Problem details — When you copy the material below, keep every line exact and omit the pictures.

Dataset extract —
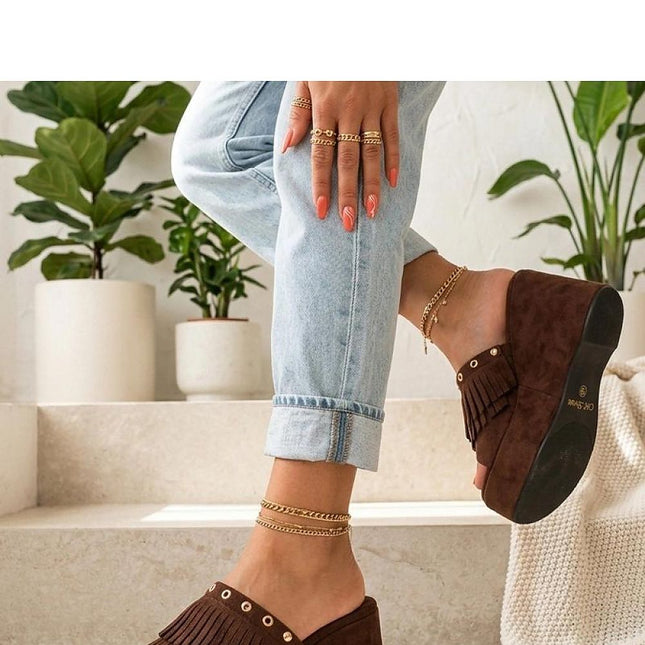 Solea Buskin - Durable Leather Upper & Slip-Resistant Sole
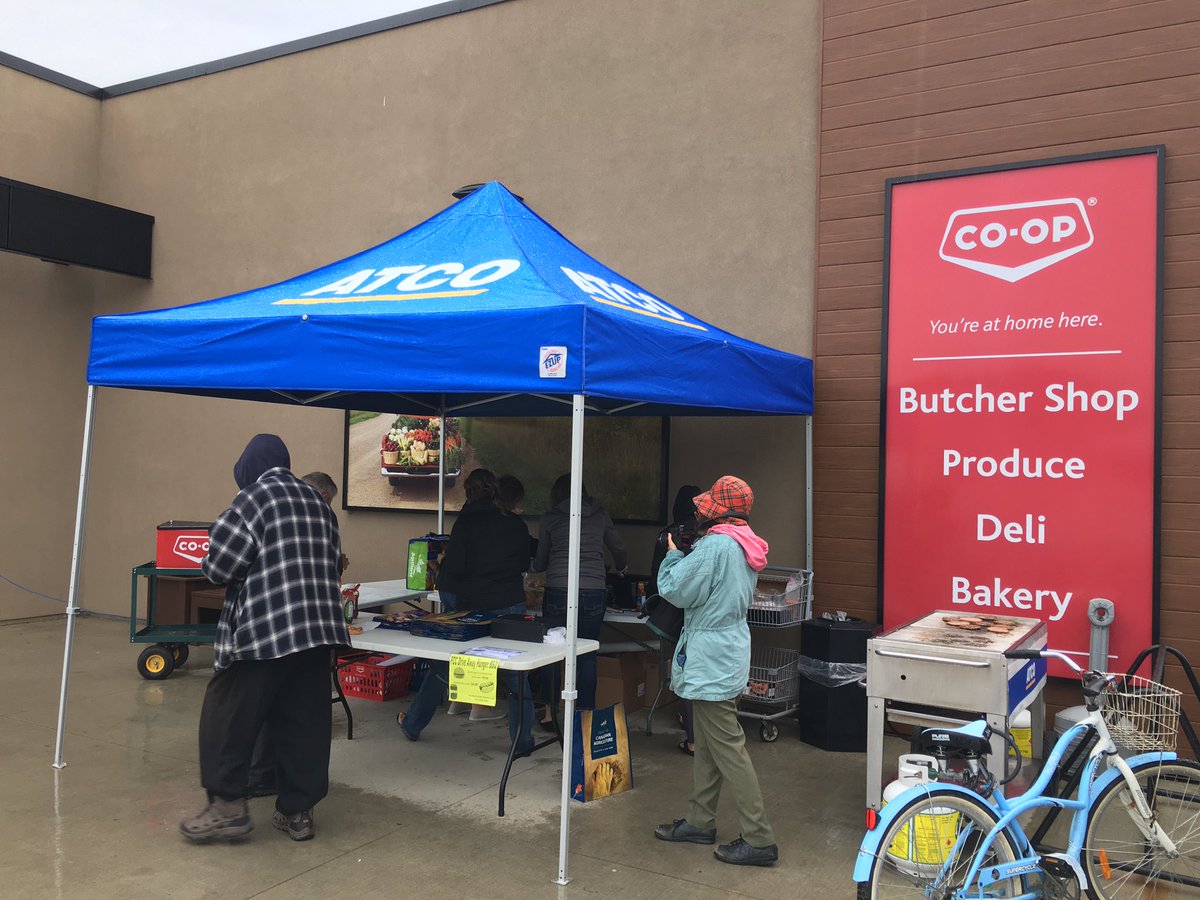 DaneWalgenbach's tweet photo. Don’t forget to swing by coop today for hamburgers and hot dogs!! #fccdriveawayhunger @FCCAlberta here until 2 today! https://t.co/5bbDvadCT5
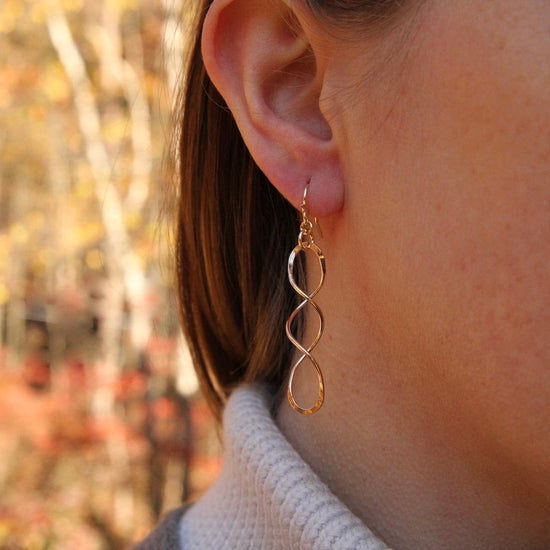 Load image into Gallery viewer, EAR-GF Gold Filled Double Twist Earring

Answer to this task —
 Solea Buskin - Durable Leather Upper & Slip-Resistant Sole
 DaneWalgenbach's tweet photo. Don’t forget to swing by coop today for hamburgers and hot dogs!! #fccdriveawayhunger @FCCAlberta here until 2 today! https://t.co/5bbDvadCT5
 Load image into Gallery viewer, EAR-GF Gold Filled Double Twist Earring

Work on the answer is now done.